# [WHAT YOU NEED TO DO]
The lines from the one with "healthcare || medicine" through the last line of the material below, copied exactly and free of pictures, make up the whole answer.

# [DATA SECTION]
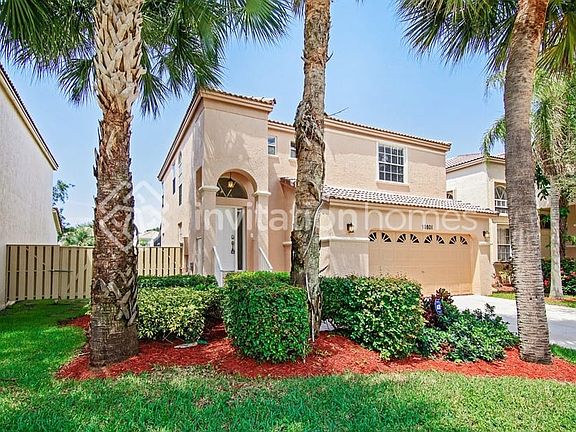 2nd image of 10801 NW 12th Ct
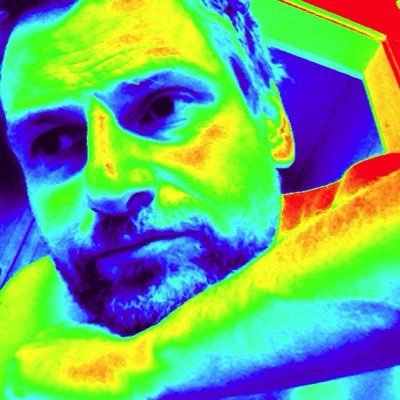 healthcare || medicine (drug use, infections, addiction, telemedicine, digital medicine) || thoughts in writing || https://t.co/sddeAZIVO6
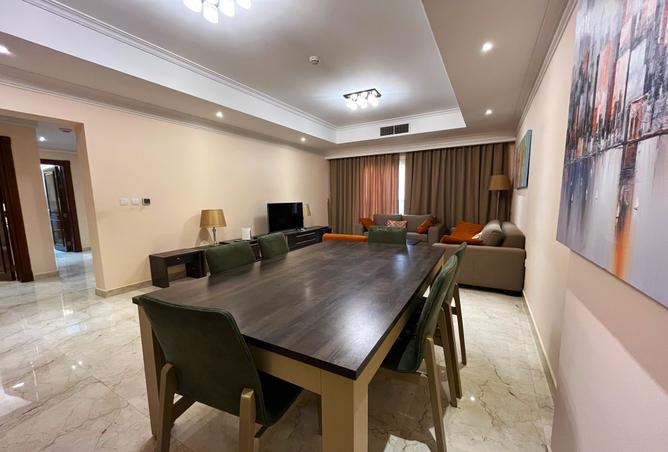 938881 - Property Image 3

# [WRITTEN SOLUTION]
 healthcare || medicine (drug use, infections, addiction, telemedicine, digital medicine) || thoughts in writing || https://t.co/sddeAZIVO6
 938881 - Property Image 3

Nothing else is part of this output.